Data Drift Detection 📉
flowyml ensures your models don't rot in production by detecting when live data diverges from training data.
[!NOTE] What you'll learn: How to catch "silent failures" where models degrade because the world changed
Key insight: A model is only as good as the data it sees. If data changes, predictions fail.
Why Drift Detection Matters
Without drift detection: - Silent degradation: Model accuracy drops, but no errors are thrown - Reactive debugging: Users complain about bad predictions weeks later - Blind retraining: Retraining on schedule regardless of need
With flowyml drift detection: - Proactive alerts: Know immediately when data distribution shifts - Targeted retraining: Retrain only when necessary - Root cause analysis: See exactly which features drifted (e.g., "Age distribution shifted older")
📉 Concept
Data drift occurs when the statistical properties of the target variable or input features change over time. flowyml uses the Population Stability Index (PSI) to quantify this shift.
📉 Concept
Data drift occurs when the statistical properties of the target variable or input features change over time. flowyml uses the Population Stability Index (PSI) to quantify this shift.
🕵️ Detecting Drift
Use the detect_drift function to compare two datasets.
from flowyml.monitoring.data import detect_drift
import numpy as np
# Reference data (e.g., training set)
train_data = np.random.normal(0, 1, 1000)
# Current data (e.g., production traffic)
prod_data = np.random.normal(0.5, 1, 1000) # Shifted mean
# Check for drift
result = detect_drift(
reference_data=train_data,
current_data=prod_data,
threshold=0.1 # PSI threshold (default: 0.1)
)
if result['drift_detected']:
print(f"⚠️ Drift detected! PSI: {result['psi']:.4f}")
print(f"Reference Mean: {result['reference_stats']['mean']:.2f}")
print(f"Current Mean: {result['current_stats']['mean']:.2f}")
else:
print("✅ Data is stable.")
📊 Computing Statistics
You can also compute basic statistics for any dataset using compute_stats.
from flowyml.monitoring.data import compute_stats
stats = compute_stats(prod_data)
print(stats)
# Output: {'count': 1000.0, 'mean': 0.48, 'std': 1.01, ...}
Real-World Pattern: Automated Quality Gate
Stop a pipeline if drift is detected, preventing bad models from being deployed or bad predictions from being served.
from flowyml import step, get_notifier, If
@step(outputs=["drift_result"])
def check_drift(new_batch):
reference = load_reference_data()
result = detect_drift(reference, new_batch)
return result
@step
def alert_team(result):
get_notifier().send_slack(f"🚨 Drift detected!

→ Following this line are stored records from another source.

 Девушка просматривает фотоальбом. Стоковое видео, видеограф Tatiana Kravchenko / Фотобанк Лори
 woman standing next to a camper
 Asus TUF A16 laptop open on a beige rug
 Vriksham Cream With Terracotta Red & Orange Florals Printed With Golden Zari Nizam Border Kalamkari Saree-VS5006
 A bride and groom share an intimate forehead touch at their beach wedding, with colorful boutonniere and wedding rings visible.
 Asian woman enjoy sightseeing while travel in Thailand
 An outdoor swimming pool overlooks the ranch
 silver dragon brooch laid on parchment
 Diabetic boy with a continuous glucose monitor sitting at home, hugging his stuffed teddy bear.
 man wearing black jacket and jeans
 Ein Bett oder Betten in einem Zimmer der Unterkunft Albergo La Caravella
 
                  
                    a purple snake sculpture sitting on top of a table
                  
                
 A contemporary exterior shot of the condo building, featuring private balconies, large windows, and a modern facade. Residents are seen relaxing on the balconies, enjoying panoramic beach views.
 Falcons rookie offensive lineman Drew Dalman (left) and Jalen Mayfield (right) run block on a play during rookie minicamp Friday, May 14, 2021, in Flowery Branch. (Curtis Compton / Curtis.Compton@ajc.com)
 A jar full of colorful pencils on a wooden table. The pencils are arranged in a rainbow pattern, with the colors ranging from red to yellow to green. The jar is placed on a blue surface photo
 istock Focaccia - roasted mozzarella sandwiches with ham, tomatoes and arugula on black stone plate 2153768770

PSI: {result['psi']}")
@step
def process_data(data):
# Continue processing
pass
# Build pipeline with a quality gate
pipeline.add_step(check_drift)
pipeline.add_control_flow(
If(condition=lambda ctx: ctx["drift_result"]["drift_detected"])
.then(alert_team)
.else_(process_data)
)
[!TIP] Thresholds: A PSI < 0.1 is usually safe. PSI > 0.2 indicates significant drift requiring investigation.